Einseitige Gespräche (5)

Lautes Telefonieren heute Morgen in der U-Bahn. Quasi neben mir. Natürlich habe ich mitgeschrieben.

Frau, überschulterlange, blonde, offene Haare, extrem laut, bunte Messenger-Bag. Ich sehe sie erst nur von der Seite und schätze sie auf 40-50. Erst als ich aufstehe, stelle ich fest, dass sie ein gutes Stück älter sein muss – und sie ist lange nicht so aufgetakelt, wie ich von der Stimme her dachte.

Hallihallo, na, was für eine Überraschung! Na, kommste nachher?
Um 4 machen wir eine Abteilungsversammlung – na, hatte ich dir gemailt.
Eigentlich zu nichts.
Ja, können wir mal machen. J. ist da auch dabei.
Wir haben ja nichts.
Na, schauen wir mal, wie es so wird.
Ja, guck doch mal.

Und sonst?
Ja
Mh
Ach
Ja
Vielleicht sehen wir uns dann.
Ja, ja, das können wir gern machen. Ich weiß jetzt gerade nicht auswendig, ob ich da was mach… aber dann können wir ja mal was zusammen, vielleicht ein Eis essen.
Ja, oder was Richtiges.
Neulich bin ich mal nach alter Manier in die Lange Reihe gegangen und habe mir ein Eis geholt und mich an die Alster gesetzt. Das war mal wieder schön. Wie früher.

Eigentlich bin ich ja ganz froh, dass ich nicht mehr den ganzen Tag im Büro sitzen muss. Aber einige sitzen natürlich trotzdem den ganzen Tag da herum. Aber mit denen möchte ich mittags natürlich nicht unbedingt was essen.

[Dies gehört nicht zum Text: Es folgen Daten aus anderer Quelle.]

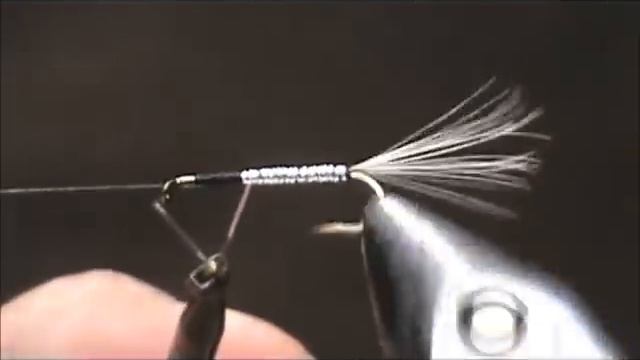 Fly Tying a Classic Dry the Badger Spider with Jim Misiura смотреть онлайн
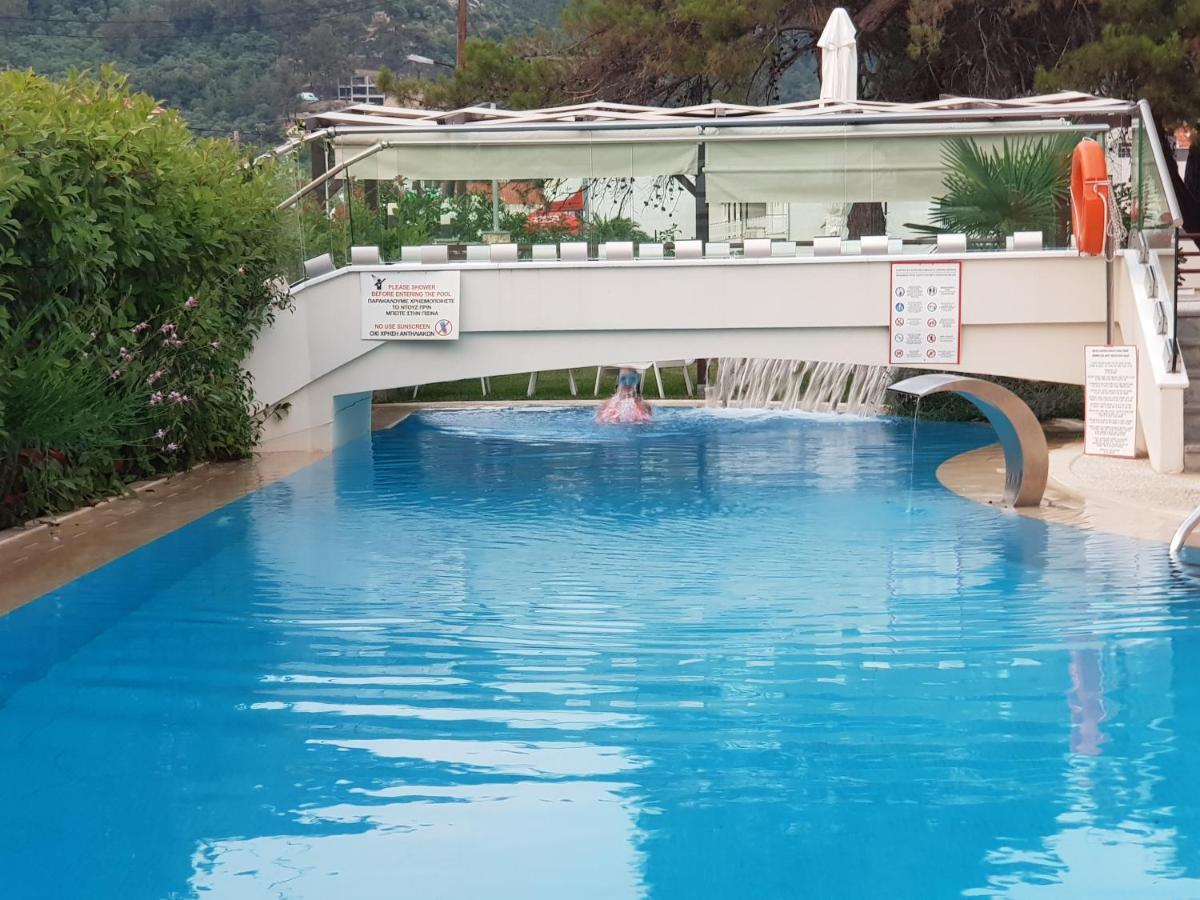 Hatzoudis Luxury Suites Chrisi Ammoudia Eksteriør billede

Ja, ich komm viel rum. Eben war ich noch beim Zahnarzt, jetzt muss ich nach V., und dann
sausebrause nach G. fahren

Ich kann dir sagen!
Morgen, übermorgen ist auch noch mal heftig, da habe ich acht Veranstaltungen. Das ist schon ne ganze Menge, ich kann dir sagen. Die meisten haben jetzt Urlaub. X ist auf Seminar, da kann er ja nun nichts für, das ist ja auch gut. Na, dann ist A noch da und B – und dann noch C, das war’s. Und dann ist da noch eine Neue, die [U-Bahn-Lärm]
Nee, die ist gewechselt. Die war lange krank und hat dann in H. wieder angefangen, bei Herrn G. Das gefällt ihr auch ganz gut.

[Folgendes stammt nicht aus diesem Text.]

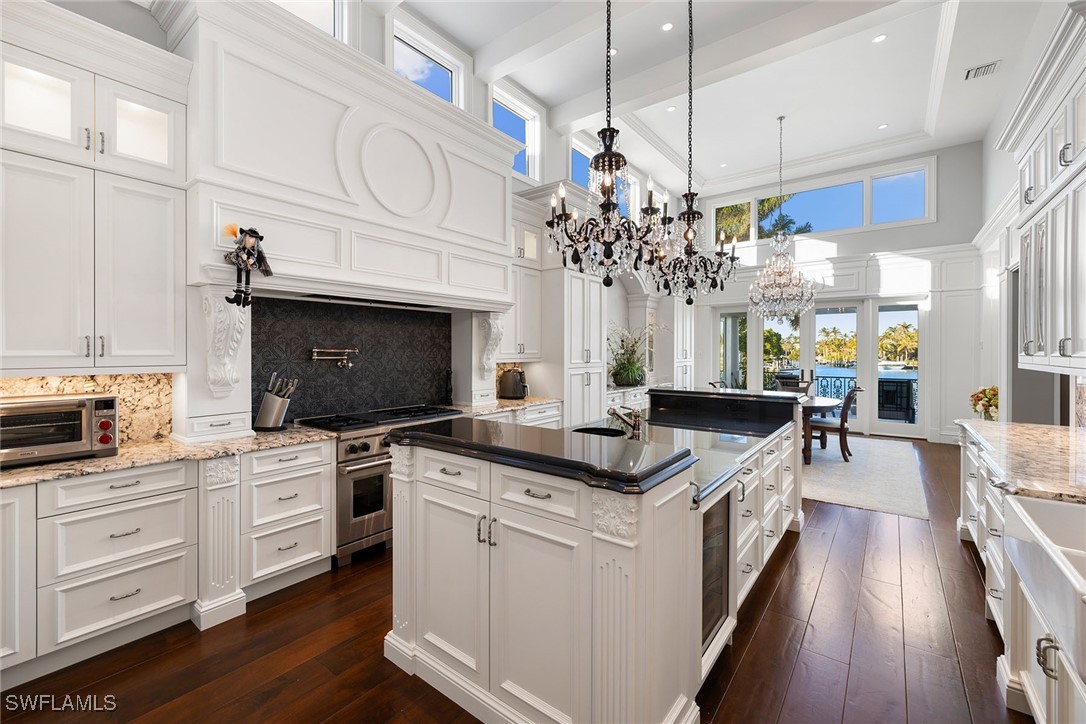 225 Cove Lane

Ja, bei euch wird es immer weniger an Personal hab ich den Eindruck, oder?
Ja.
Früher.
Mhh.
Mhh.
Nö.

Ja, alles klar, verstehe. (Lacht.)
Nee, aber gefühlte Abwesenheit.
Nee, die war ja… ja. Ist ja egal, wurst.
Aber in der pädagogischen [Lärm] seid ihr ja auch ganz gut besetzt.
Ja, klar.

Äh. Moment, jetzt muss ich mal…
Ach, ich weiß, T. Jahahah. (Lacht.)
Hast den schon einmal arbeiten sehn?
Oh nein, oh Mann.
Mh.
Oh.
Echt anstrengend.

Das ist, glaube ich, nicht lustig.
Du, vielleicht.
Mh.
Ja.
Der ist k.o. von seinem Nebenjob, ganz einfach. Hat den Abend vorher so viel gearbeitet. Wär ich auch ko.
Natürlich nicht. Aber das sind so die Pappenheimer.

Und dein spezieller Freund, von dem mal wieder was gehört?
Ich seh den ja immer noch in der U-Bahn. Der sitzt mir dann so schräg gegenüber.
Ja, da hat sich einiges getan, da sind einige geflogen.
Ich sag jetzt den Namen nicht, weil ich in der U-Bahn sitze.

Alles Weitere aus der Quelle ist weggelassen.